Benefits of Ujaya Breathing on Respiration

Ujaya breathing, or “whisper breath” is a fundamental part of asana practice.  This type of breathing is achieved by partially closing the epiglottis upon both inhalation and exhalation, resulting in a whisper or snoring sound. 

Ujaya breathing accomplishes several things:  Slows the breath, evens the length of inhalation and exhalation, warms the air entering the body/creates heat, and the sound creates an auditory focal point during asana practice.  This makes it particularly helpful for beginners who often hold their breath in challenging poses and tend to lose focus easily.  By breathing in this way, we can also “measure” the length of time to hold an asana—counting the number of ujaya breaths. 

When the inhalation occurs slowly and deeply, the ribs will expand in all directions as the lower lobes of the lungs are filled.  This is accomplished through the action of the external intercostals (lifting and expanding ribcage), the diaphragm relaxing down into the abdominal cavity, and the internal intercostals relaxing and stretching.  The Ujaya breath is particularly helpful to increase lung expansion upon inhalation—by simply conditioning (strengthening/stretching) the muscles involved.  Upon exhalation, the diaphragm contracts, forcing the air out of the lungs from the bottom.  Internal intercostals engage and contract to “shrink” the ribcage and the externals must stretch/relax. 

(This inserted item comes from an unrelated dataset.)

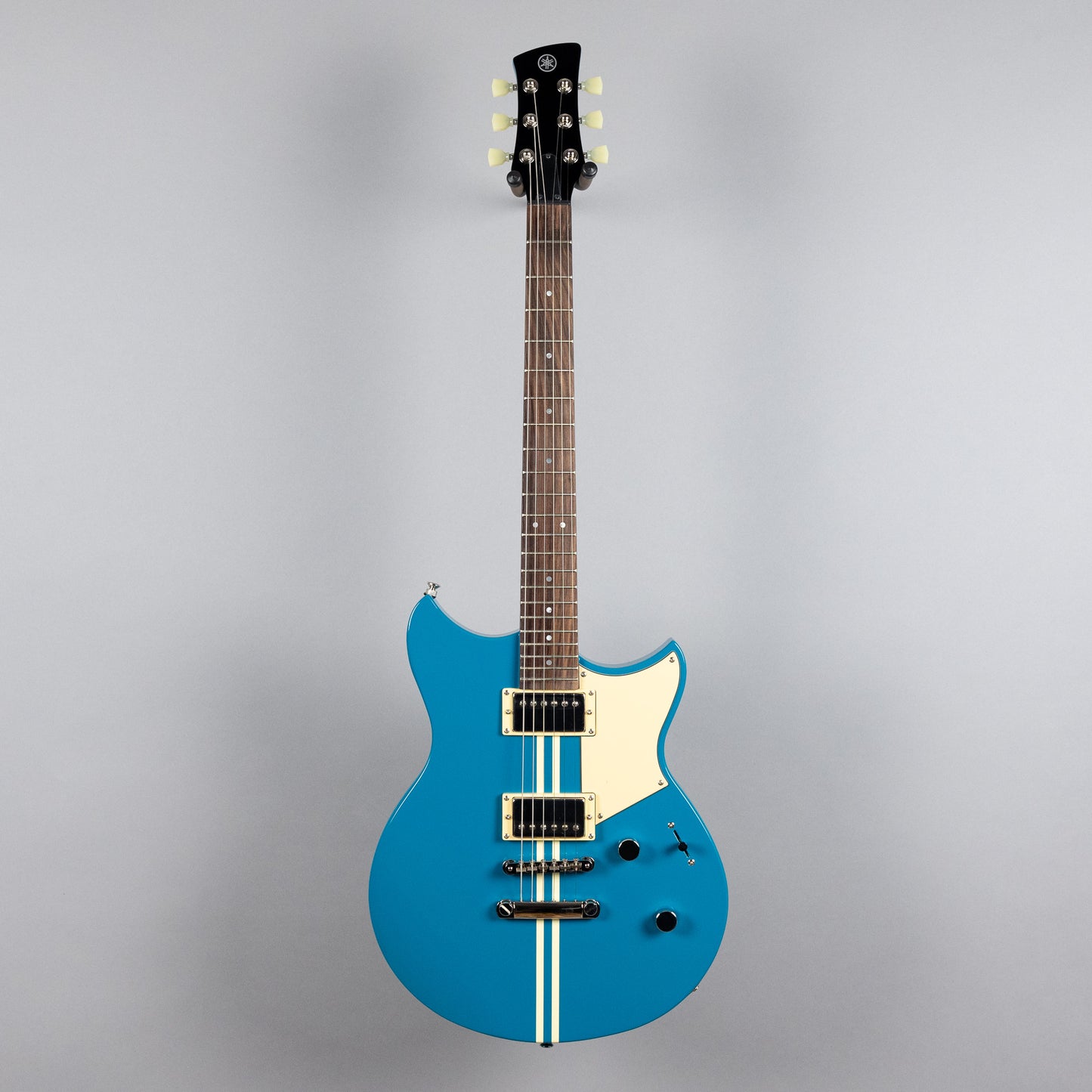 Yamaha RSE20 Revstar Element in Swift Blue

Practicing controlled Ujaya breathing will create balance in the muscles used for respiration.  This is done through the lengthening and evening of the breathing process, so that all muscles involved are both engaged and stretched equally.  By training our bodies to take deeper breaths, more oxygen is forced into the lower lobes of the lungs, which is where more alveoli are present.  This makes the breath more efficient and more oxygen can be absorbed.